• [What the task asks]
Make an exact copy of the lines from the one holding "Used 2020 BMW" through the end of the entries below, both ends kept, and of nothing else. Exclude pictures.

• [Provided information]
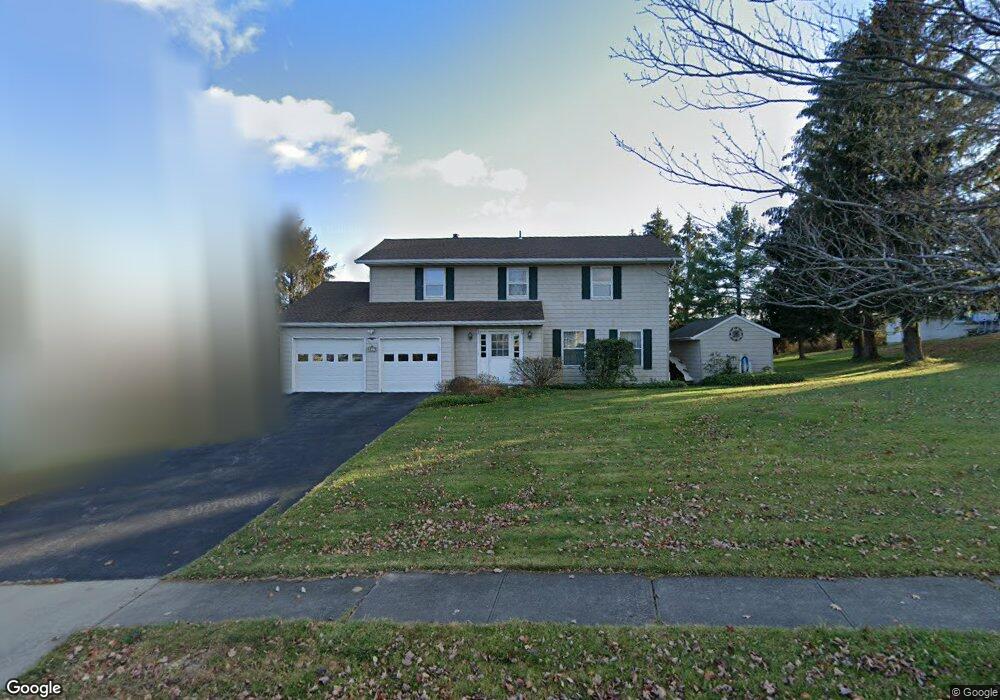 135 Neptune Dr, Monroe, NY 10950 - photo 1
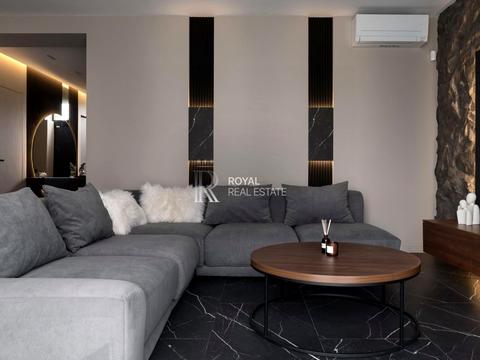 будинок за адресою смт. Козин, Лобановського вул., 1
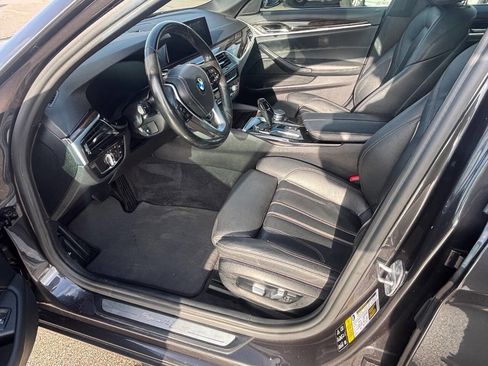 Used 2020 BMW 530i xDrive w/ Premium Package image 12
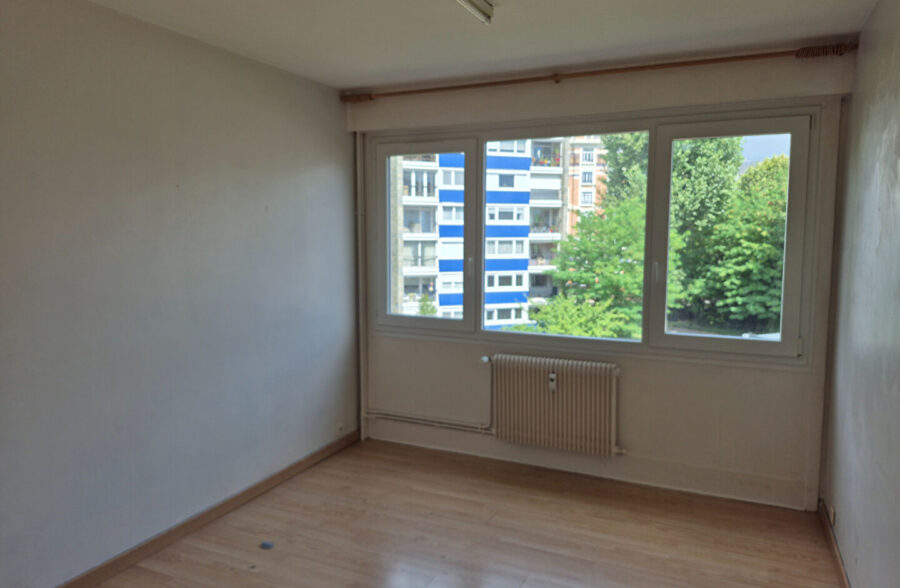 Appartement Tourcoing 4 pièce(s) 086.98 m2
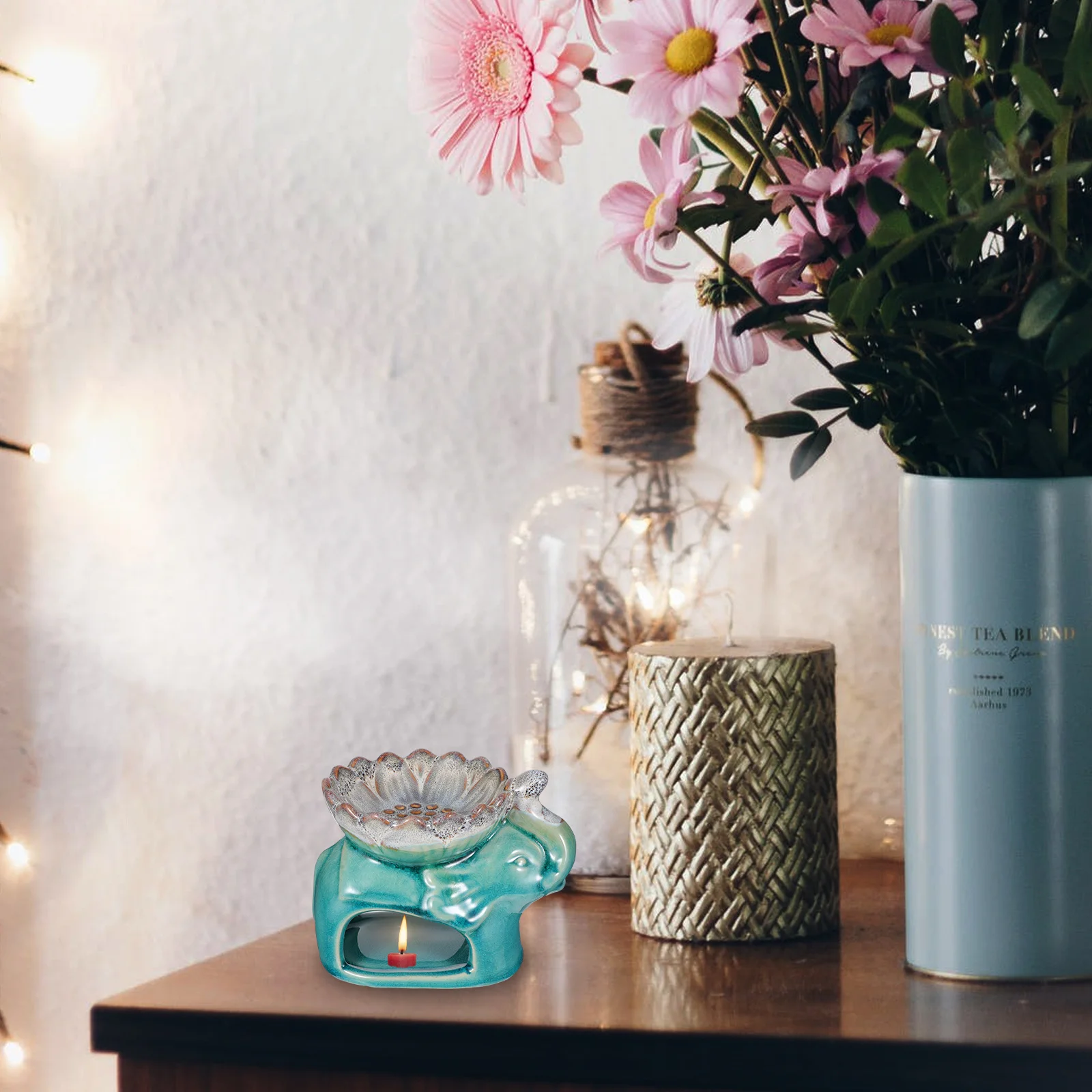 Aroma Burner Ceramic Premium Lightweight Portable for Bedroom Living Room Dining Room Study Office Incense Burner Censer Decor 
Aroma Burner Ceramic Premium Lightweight Portable for Bedroom Living Room Dining Room Study Office Incense Burner Censer Decor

• [Solution below]
 Used 2020 BMW 530i xDrive w/ Premium Package image 12
 Appartement Tourcoing 4 pièce(s) 086.98 m2
 Aroma Burner Ceramic Premium Lightweight Portable for Bedroom Living Room Dining Room Study Office Incense Burner Censer Decor 
Aroma Burner Ceramic Premium Lightweight Portable for Bedroom Living Room Dining Room Study Office Incense Burner Censer Decor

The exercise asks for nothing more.